SQL必知必会 -- 查询2

  |  

摘要: 《SQL必知必会》这本书中关于查询的章节总结。第二部分。

【对算法,数学,计算机感兴趣的同学,欢迎关注我哈,阅读更多原创文章】
我的网站:潮汐朝夕的生活实验室
我的公众号:算法题刷刷
我的知乎:潮汐朝夕
我的github:FennelDumplings
我的leetcode:FennelDumplings



10. Grouping Data

group data so that you can summarize subsets of table contents.

10-1 Understanding Data Grouping

All the calculations thus far were performed on all the data in a table or on data that matched a specific WHERE clause.

1
2
3
SELECT COUNT(*) AS num_prods 
FROM Products
WHERE vend_id = 'DLL01';

But what if you wanted to return the number of products offered by each vendor? Or products offered by vendors who offer a single product, or only those who offer more than ten products?
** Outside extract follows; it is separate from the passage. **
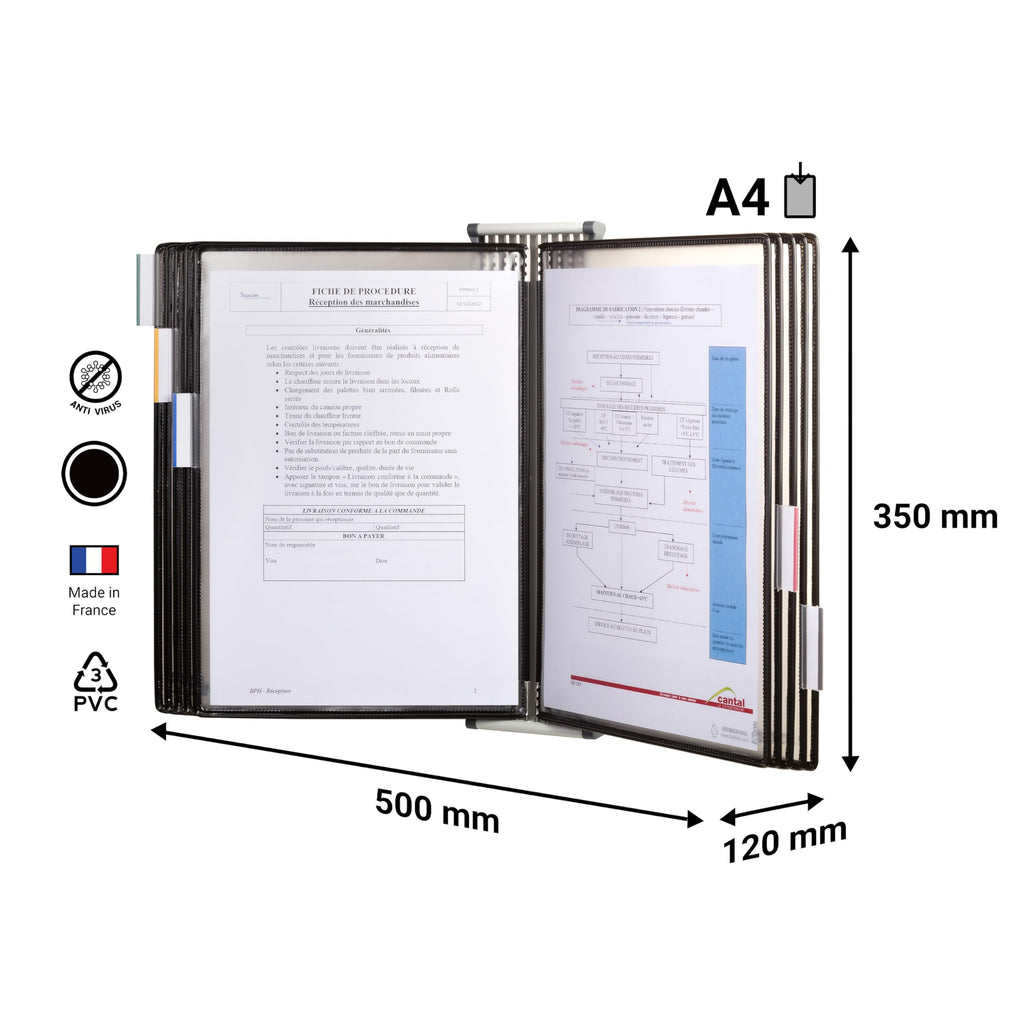 414507 Wandsichttafel Set A4, 10 Sichttafeln, schwarz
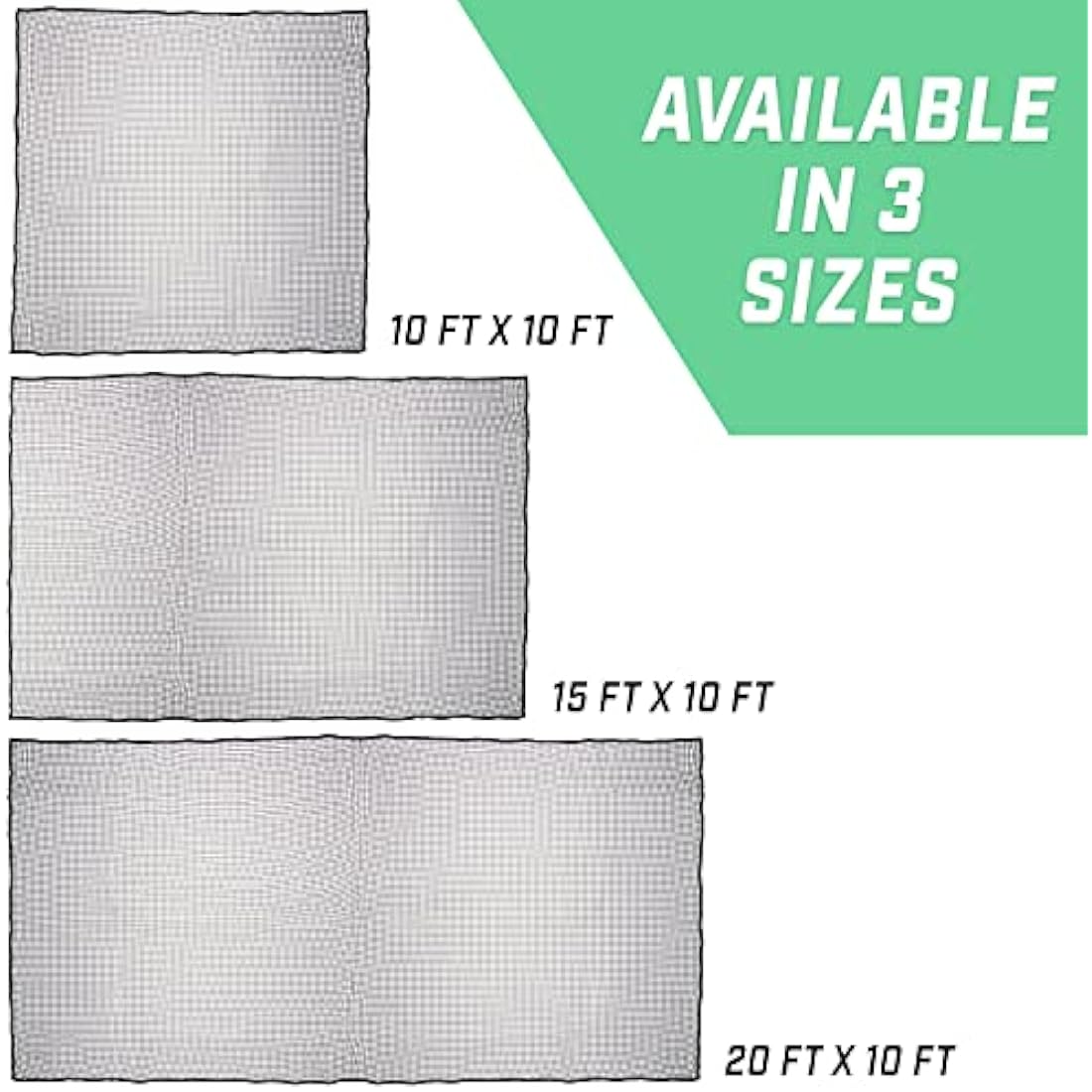 GoSports Sports Netting - Hitting Net for Golf, Baseball, Hockey, Soccer, LAX and More - 10 ft, 15 ft, 20 ft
Grouping lets you divide data into logical sets so that you can perform aggregate calculations on each group.

10-2 Creating Groups

Groups are created using the GROUP BY clause in your SELECT statement.

1
2
3
SELECT vend_id, COUNT(*) AS num_prods 
FROM Products
GROUP BY vend_id;
Before you use GROUP BY, here are some important rules about its use that you need to know
  • GROUP BY clauses can contain as many columns as you want. This enables you to nest groups, providing you with more granular control over how data is grouped.
  • If you have nested groups in your GROUP BY clause, data is summarized at the last specified group. In other words, all the columns specified are evaluated together when grouping is established (so you won’t get data back for each individual column level).
  • Every column listed in GROUP BY must be a retrieved column or a valid expression (but not an aggregate function). If an expression is used in the SELECT, that same expression must be specified in GROUP BY. Aliases cannot be used
  • Most SQL implementations do not allow GROUP BY columns with variable length datatypes (such as text or memo fields).
  • Aside from the aggregate calculations statements, every column in your SELECT statement must be present in the GROUP BY clause.
  • If the grouping column contains a row with a NULL value, NULL will be returned as a group. If there are multiple rows with NULL values, they’ll all be grouped together.
  • The GROUP BY clause must come after any WHERE clause and before any ORDER BY clause.

Tip: The ALL Clause

Some SQL implementations (such as Microsoft SQL Server) support an optional ALL clause within GROUP BY. This clause can be used to return all groups, even those that have no matching rows (in which case the aggregate would return NULL).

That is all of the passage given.